## DATA PROVIDED:
--- START ---

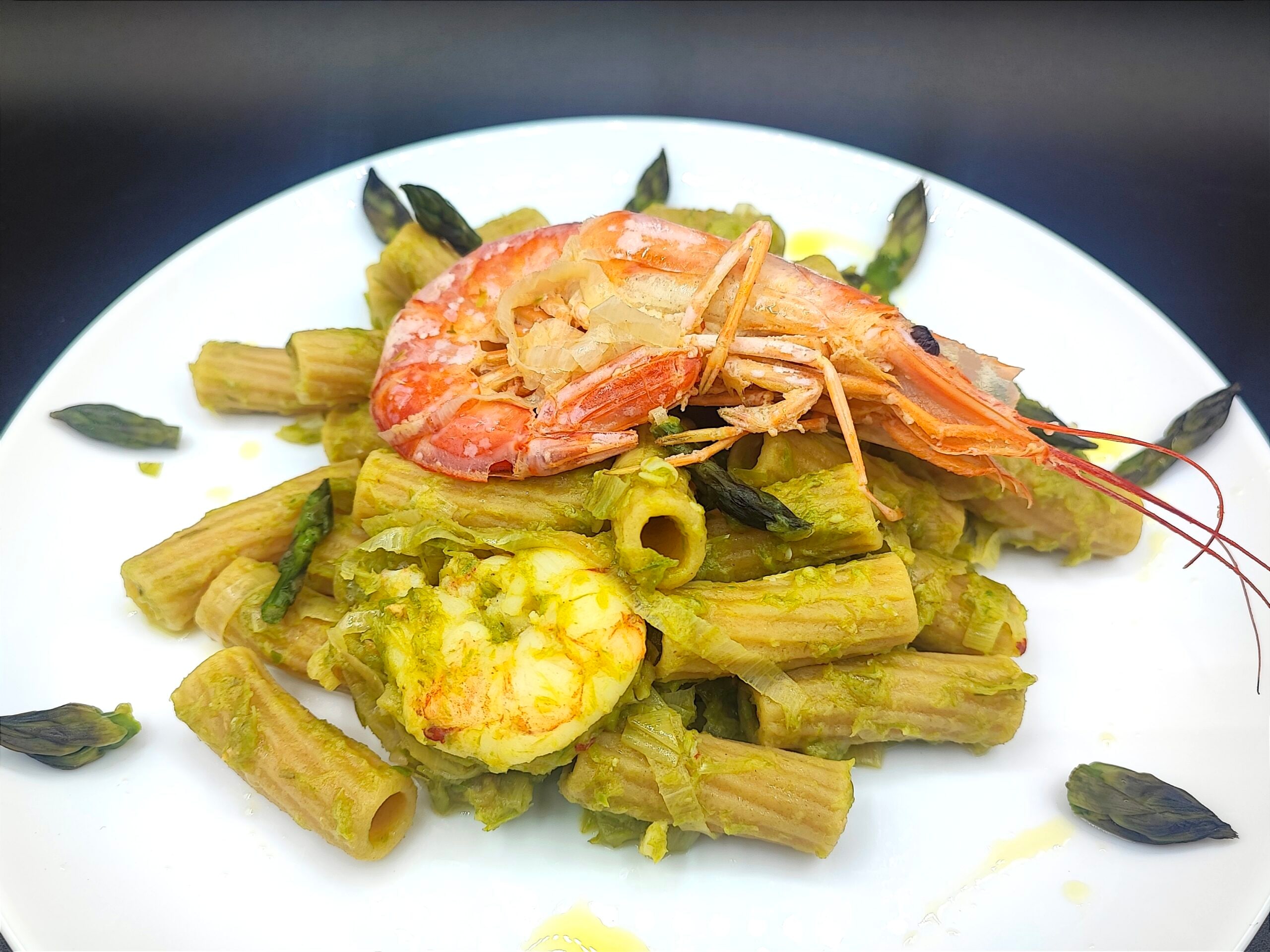 Pasta met asperges en garnalen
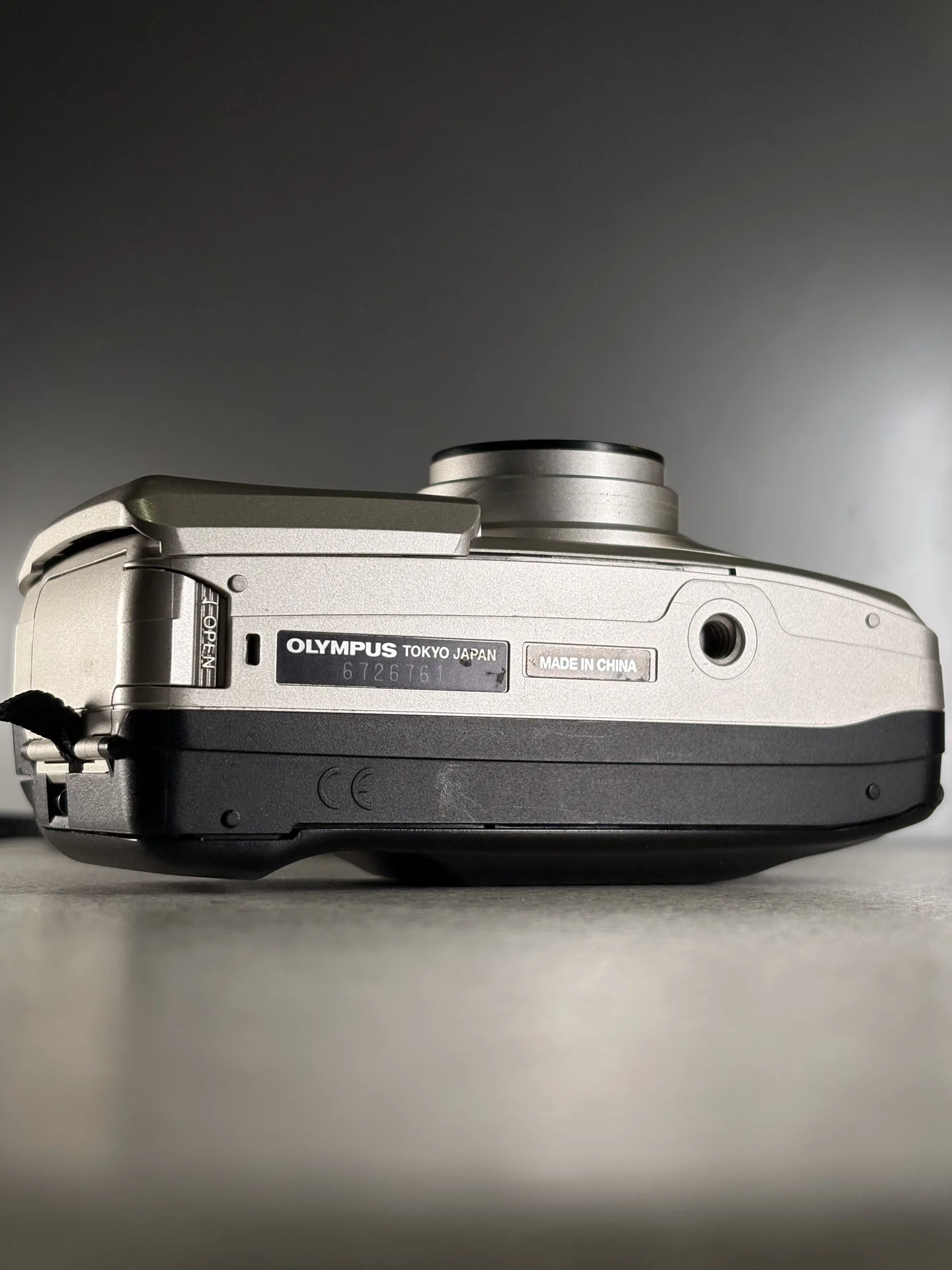 Olympus Superzoom 70g (date) Пленочный фотоаппарат - миниатюра 5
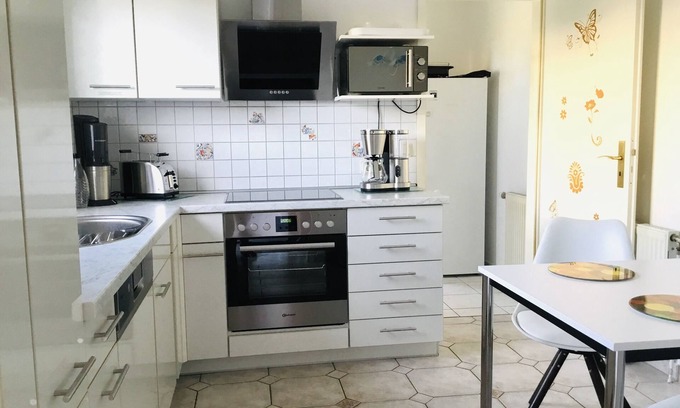 Zarrendorf House | Ocean View Retreat: Family-Friendly with Kitchen & Breakfast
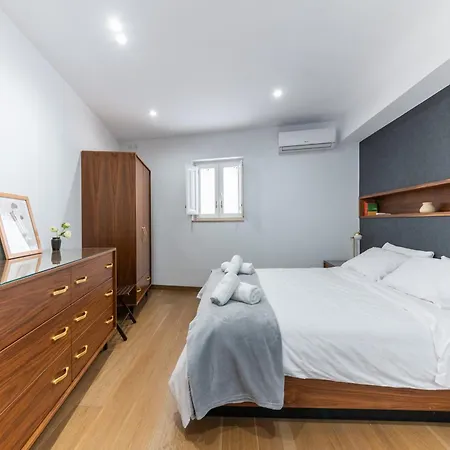 Modern Family Town House In Quaint Village Gudja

--- END ---

## ASSIGNMENT:
From the line containing "Zarrendorf House |" down to the final line of the listing above, write out only those lines exactly as they are, minus the pictures.

## EXPECTED OUTPUT:
 Zarrendorf House | Ocean View Retreat: Family-Friendly with Kitchen & Breakfast
 Modern Family Town House In Quaint Village Gudja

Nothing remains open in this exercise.